[Crawled caption data]

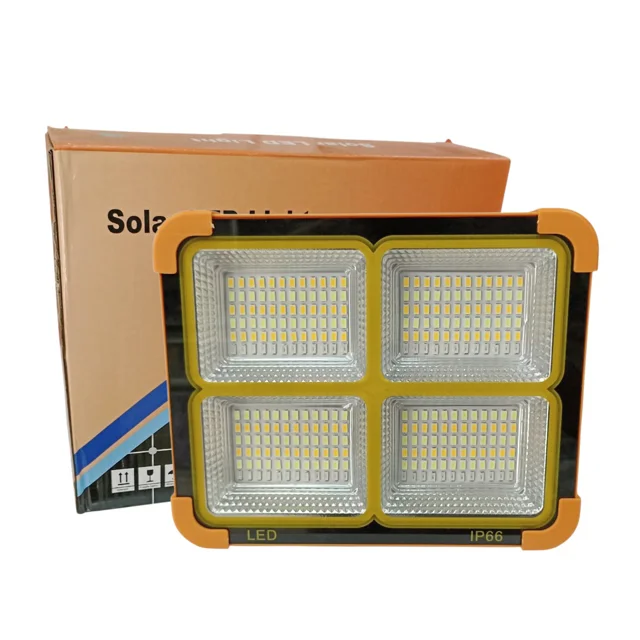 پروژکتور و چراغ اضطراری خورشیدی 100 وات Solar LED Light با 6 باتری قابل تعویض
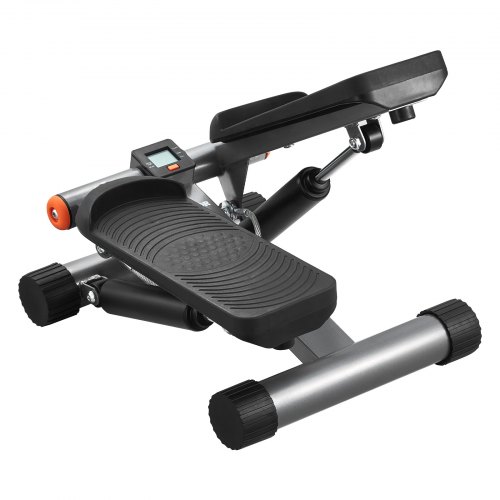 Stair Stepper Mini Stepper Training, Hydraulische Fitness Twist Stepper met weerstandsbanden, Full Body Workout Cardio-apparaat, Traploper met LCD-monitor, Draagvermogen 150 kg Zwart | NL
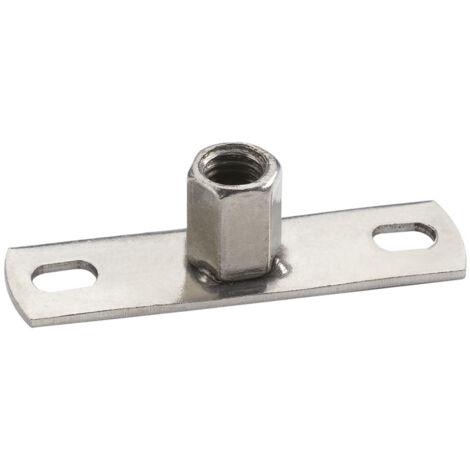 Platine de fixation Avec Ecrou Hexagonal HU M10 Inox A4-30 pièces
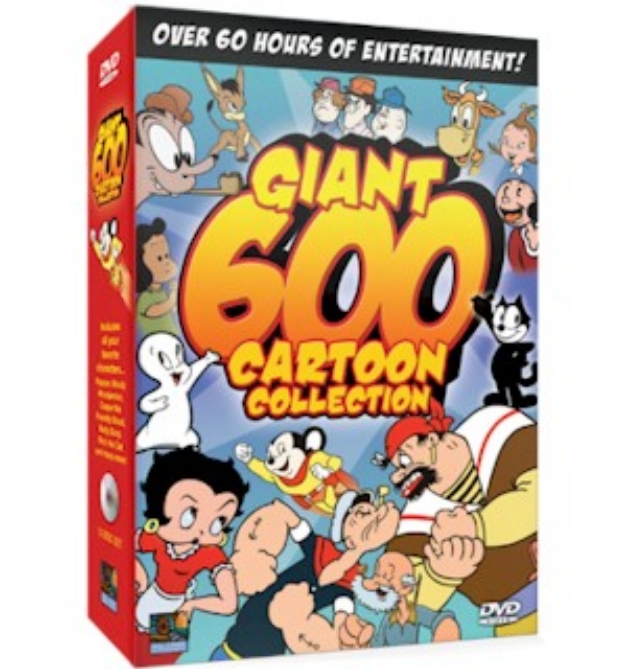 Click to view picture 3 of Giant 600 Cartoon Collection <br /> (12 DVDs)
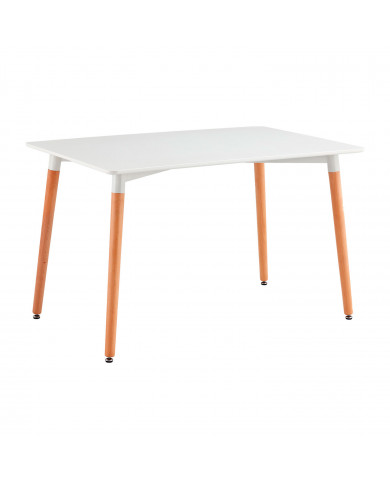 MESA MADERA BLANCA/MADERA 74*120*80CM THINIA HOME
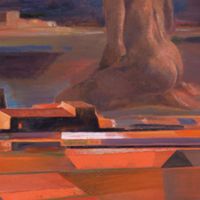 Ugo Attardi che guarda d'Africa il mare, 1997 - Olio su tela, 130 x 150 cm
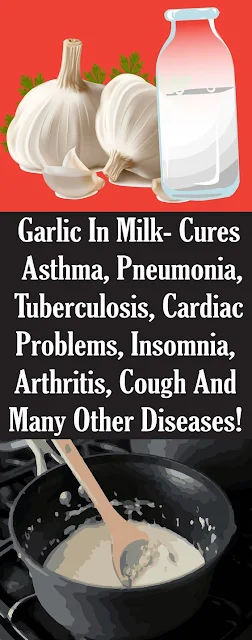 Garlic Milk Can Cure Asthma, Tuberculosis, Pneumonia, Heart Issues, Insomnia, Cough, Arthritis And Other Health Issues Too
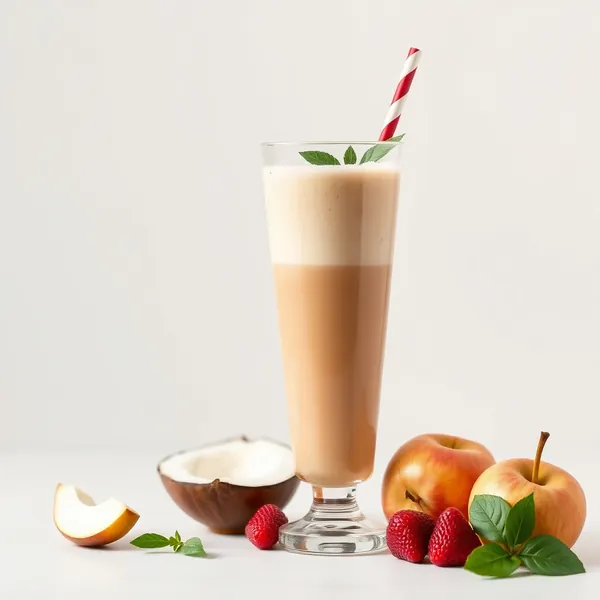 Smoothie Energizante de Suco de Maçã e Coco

---

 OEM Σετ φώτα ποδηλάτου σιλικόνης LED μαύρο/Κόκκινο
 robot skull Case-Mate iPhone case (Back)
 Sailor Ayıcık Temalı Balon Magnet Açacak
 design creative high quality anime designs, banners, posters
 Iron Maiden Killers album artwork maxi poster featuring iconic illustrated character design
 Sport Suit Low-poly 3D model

▸ What you are asked to do: From the entries above, copy exactly the lines starting at the one with "پروژکتور و چراغ" and stopping at the one with "Stair Stepper Mini", keeping both ends. Drop the pictures.

▸ Response box:
 پروژکتور و چراغ اضطراری خورشیدی 100 وات Solar LED Light با 6 باتری قابل تعویض
 Stair Stepper Mini Stepper Training, Hydraulische Fitness Twist Stepper met weerstandsbanden, Full Body Workout Cardio-apparaat, Traploper met LCD-monitor, Draagvermogen 150 kg Zwart | NL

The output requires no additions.